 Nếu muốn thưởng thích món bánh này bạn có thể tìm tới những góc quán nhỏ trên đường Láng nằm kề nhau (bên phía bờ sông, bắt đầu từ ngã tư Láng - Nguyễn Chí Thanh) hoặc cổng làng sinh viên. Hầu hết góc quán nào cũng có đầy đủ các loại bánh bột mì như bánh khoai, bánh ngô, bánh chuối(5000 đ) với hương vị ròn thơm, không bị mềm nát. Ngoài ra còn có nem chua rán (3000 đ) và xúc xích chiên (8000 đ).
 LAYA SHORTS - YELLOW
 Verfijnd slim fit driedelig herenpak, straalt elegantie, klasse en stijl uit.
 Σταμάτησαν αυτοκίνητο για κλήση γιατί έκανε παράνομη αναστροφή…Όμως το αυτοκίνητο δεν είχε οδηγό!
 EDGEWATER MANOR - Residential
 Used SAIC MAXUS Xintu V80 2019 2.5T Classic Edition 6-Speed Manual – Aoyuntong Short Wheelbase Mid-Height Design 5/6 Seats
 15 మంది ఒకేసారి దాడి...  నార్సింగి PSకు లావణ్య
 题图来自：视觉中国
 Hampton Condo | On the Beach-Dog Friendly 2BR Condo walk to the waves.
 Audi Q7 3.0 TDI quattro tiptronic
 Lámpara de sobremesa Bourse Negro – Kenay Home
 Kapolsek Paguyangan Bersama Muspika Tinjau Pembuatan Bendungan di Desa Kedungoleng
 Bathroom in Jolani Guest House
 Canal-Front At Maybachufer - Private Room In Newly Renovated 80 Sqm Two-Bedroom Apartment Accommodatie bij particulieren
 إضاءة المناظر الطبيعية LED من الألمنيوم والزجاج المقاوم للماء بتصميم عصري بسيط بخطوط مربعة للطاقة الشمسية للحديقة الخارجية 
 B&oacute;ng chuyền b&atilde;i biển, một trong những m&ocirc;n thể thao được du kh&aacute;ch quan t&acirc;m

######

§ Task objective: Each entry should be retyped exactly as given.

§ Output of the task:
 Nếu muốn thưởng thích món bánh này bạn có thể tìm tới những góc quán nhỏ trên đường Láng nằm kề nhau (bên phía bờ sông, bắt đầu từ ngã tư Láng - Nguyễn Chí Thanh) hoặc cổng làng sinh viên. Hầu hết góc quán nào cũng có đầy đủ các loại bánh bột mì như bánh khoai, bánh ngô, bánh chuối(5000 đ) với hương vị ròn thơm, không bị mềm nát. Ngoài ra còn có nem chua rán (3000 đ) và xúc xích chiên (8000 đ).
 LAYA SHORTS - YELLOW
 Verfijnd slim fit driedelig herenpak, straalt elegantie, klasse en stijl uit.
 Σταμάτησαν αυτοκίνητο για κλήση γιατί έκανε παράνομη αναστροφή…Όμως το αυτοκίνητο δεν είχε οδηγό!
 EDGEWATER MANOR - Residential
 Used SAIC MAXUS Xintu V80 2019 2.5T Classic Edition 6-Speed Manual – Aoyuntong Short Wheelbase Mid-Height Design 5/6 Seats
 15 మంది ఒకేసారి దాడి...  నార్సింగి PSకు లావణ్య
 题图来自：视觉中国
 Hampton Condo | On the Beach-Dog Friendly 2BR Condo walk to the waves.
 Audi Q7 3.0 TDI quattro tiptronic
 Lámpara de sobremesa Bourse Negro – Kenay Home
 Kapolsek Paguyangan Bersama Muspika Tinjau Pembuatan Bendungan di Desa Kedungoleng
 Bathroom in Jolani Guest House
 Canal-Front At Maybachufer - Private Room In Newly Renovated 80 Sqm Two-Bedroom Apartment Accommodatie bij particulieren
 إضاءة المناظر الطبيعية LED من الألمنيوم والزجاج المقاوم للماء بتصميم عصري بسيط بخطوط مربعة للطاقة الشمسية للحديقة الخارجية 
 B&oacute;ng chuyền b&atilde;i biển, một trong những m&ocirc;n thể thao được du kh&aacute;ch quan t&acirc;m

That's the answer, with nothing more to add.